[Collected data]
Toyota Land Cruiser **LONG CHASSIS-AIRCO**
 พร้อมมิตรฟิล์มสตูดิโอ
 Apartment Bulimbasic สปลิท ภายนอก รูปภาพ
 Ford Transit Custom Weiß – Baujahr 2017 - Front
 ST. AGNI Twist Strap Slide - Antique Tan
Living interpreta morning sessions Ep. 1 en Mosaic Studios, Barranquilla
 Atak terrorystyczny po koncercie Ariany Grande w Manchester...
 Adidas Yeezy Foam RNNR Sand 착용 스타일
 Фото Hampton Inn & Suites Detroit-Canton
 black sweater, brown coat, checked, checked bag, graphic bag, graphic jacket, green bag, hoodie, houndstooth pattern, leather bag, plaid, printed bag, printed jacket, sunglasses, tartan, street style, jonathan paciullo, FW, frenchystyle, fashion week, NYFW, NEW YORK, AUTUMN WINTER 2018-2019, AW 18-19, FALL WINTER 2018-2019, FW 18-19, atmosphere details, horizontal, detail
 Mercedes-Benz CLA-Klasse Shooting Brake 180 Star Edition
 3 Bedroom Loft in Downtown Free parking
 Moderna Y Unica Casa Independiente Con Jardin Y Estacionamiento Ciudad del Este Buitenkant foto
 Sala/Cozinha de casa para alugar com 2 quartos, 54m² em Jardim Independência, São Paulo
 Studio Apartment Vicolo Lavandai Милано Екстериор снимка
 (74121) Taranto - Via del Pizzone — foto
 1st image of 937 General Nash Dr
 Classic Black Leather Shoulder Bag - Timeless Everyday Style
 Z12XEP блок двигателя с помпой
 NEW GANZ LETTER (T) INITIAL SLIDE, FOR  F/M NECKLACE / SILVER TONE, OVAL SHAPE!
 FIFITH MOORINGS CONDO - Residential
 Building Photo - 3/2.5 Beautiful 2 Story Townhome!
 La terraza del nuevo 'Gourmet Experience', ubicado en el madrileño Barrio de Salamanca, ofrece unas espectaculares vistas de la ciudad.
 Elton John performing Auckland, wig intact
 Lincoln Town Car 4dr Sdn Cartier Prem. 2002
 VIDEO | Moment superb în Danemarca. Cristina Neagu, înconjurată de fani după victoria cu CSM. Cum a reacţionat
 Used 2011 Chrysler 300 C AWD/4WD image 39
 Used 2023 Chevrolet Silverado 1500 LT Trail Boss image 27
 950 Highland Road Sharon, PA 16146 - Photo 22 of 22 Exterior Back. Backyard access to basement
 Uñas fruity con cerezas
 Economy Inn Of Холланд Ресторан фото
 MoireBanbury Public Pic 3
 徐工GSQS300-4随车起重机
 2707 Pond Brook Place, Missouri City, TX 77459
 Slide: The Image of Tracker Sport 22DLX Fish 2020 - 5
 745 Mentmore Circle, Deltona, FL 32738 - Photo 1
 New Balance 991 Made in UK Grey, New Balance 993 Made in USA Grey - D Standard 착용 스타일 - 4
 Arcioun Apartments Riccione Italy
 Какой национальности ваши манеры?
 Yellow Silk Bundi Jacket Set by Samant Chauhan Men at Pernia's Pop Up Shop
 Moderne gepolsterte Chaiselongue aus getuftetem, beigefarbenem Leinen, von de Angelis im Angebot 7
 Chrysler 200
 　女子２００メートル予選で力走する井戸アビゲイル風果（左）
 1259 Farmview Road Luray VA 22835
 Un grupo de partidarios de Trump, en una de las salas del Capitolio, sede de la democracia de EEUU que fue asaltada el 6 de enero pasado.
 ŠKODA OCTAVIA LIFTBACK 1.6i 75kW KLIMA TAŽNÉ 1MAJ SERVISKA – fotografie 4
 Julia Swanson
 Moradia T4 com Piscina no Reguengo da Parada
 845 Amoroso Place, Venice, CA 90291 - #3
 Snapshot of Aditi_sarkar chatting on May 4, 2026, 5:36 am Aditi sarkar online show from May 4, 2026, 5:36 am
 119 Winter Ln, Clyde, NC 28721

Assignment:
Go through the entries above and write each one out exactly.

Task response:
Toyota Land Cruiser **LONG CHASSIS-AIRCO**
 พร้อมมิตรฟิล์มสตูดิโอ
 Apartment Bulimbasic สปลิท ภายนอก รูปภาพ
 Ford Transit Custom Weiß – Baujahr 2017 - Front
 ST. AGNI Twist Strap Slide - Antique Tan
Living interpreta morning sessions Ep. 1 en Mosaic Studios, Barranquilla
 Atak terrorystyczny po koncercie Ariany Grande w Manchester...
 Adidas Yeezy Foam RNNR Sand 착용 스타일
 Фото Hampton Inn & Suites Detroit-Canton
 black sweater, brown coat, checked, checked bag, graphic bag, graphic jacket, green bag, hoodie, houndstooth pattern, leather bag, plaid, printed bag, printed jacket, sunglasses, tartan, street style, jonathan paciullo, FW, frenchystyle, fashion week, NYFW, NEW YORK, AUTUMN WINTER 2018-2019, AW 18-19, FALL WINTER 2018-2019, FW 18-19, atmosphere details, horizontal, detail
 Mercedes-Benz CLA-Klasse Shooting Brake 180 Star Edition
 3 Bedroom Loft in Downtown Free parking
 Moderna Y Unica Casa Independiente Con Jardin Y Estacionamiento Ciudad del Este Buitenkant foto
 Sala/Cozinha de casa para alugar com 2 quartos, 54m² em Jardim Independência, São Paulo
 Studio Apartment Vicolo Lavandai Милано Екстериор снимка
 (74121) Taranto - Via del Pizzone — foto
 1st image of 937 General Nash Dr
 Classic Black Leather Shoulder Bag - Timeless Everyday Style
 Z12XEP блок двигателя с помпой
 NEW GANZ LETTER (T) INITIAL SLIDE, FOR  F/M NECKLACE / SILVER TONE, OVAL SHAPE!
 FIFITH MOORINGS CONDO - Residential
 Building Photo - 3/2.5 Beautiful 2 Story Townhome!
 La terraza del nuevo 'Gourmet Experience', ubicado en el madrileño Barrio de Salamanca, ofrece unas espectaculares vistas de la ciudad.
 Elton John performing Auckland, wig intact
 Lincoln Town Car 4dr Sdn Cartier Prem. 2002
 VIDEO | Moment superb în Danemarca. Cristina Neagu, înconjurată de fani după victoria cu CSM. Cum a reacţionat
 Used 2011 Chrysler 300 C AWD/4WD image 39
 Used 2023 Chevrolet Silverado 1500 LT Trail Boss image 27
 950 Highland Road Sharon, PA 16146 - Photo 22 of 22 Exterior Back. Backyard access to basement
 Uñas fruity con cerezas
 Economy Inn Of Холланд Ресторан фото
 MoireBanbury Public Pic 3
 徐工GSQS300-4随车起重机
 2707 Pond Brook Place, Missouri City, TX 77459
 Slide: The Image of Tracker Sport 22DLX Fish 2020 - 5
 745 Mentmore Circle, Deltona, FL 32738 - Photo 1
 New Balance 991 Made in UK Grey, New Balance 993 Made in USA Grey - D Standard 착용 스타일 - 4
 Arcioun Apartments Riccione Italy
 Какой национальности ваши манеры?
 Yellow Silk Bundi Jacket Set by Samant Chauhan Men at Pernia's Pop Up Shop
 Moderne gepolsterte Chaiselongue aus getuftetem, beigefarbenem Leinen, von de Angelis im Angebot 7
 Chrysler 200
 　女子２００メートル予選で力走する井戸アビゲイル風果（左）
 1259 Farmview Road Luray VA 22835
 Un grupo de partidarios de Trump, en una de las salas del Capitolio, sede de la democracia de EEUU que fue asaltada el 6 de enero pasado.
 ŠKODA OCTAVIA LIFTBACK 1.6i 75kW KLIMA TAŽNÉ 1MAJ SERVISKA – fotografie 4
 Julia Swanson
 Moradia T4 com Piscina no Reguengo da Parada
 845 Amoroso Place, Venice, CA 90291 - #3
 Snapshot of Aditi_sarkar chatting on May 4, 2026, 5:36 am Aditi sarkar online show from May 4, 2026, 5:36 am
 119 Winter Ln, Clyde, NC 28721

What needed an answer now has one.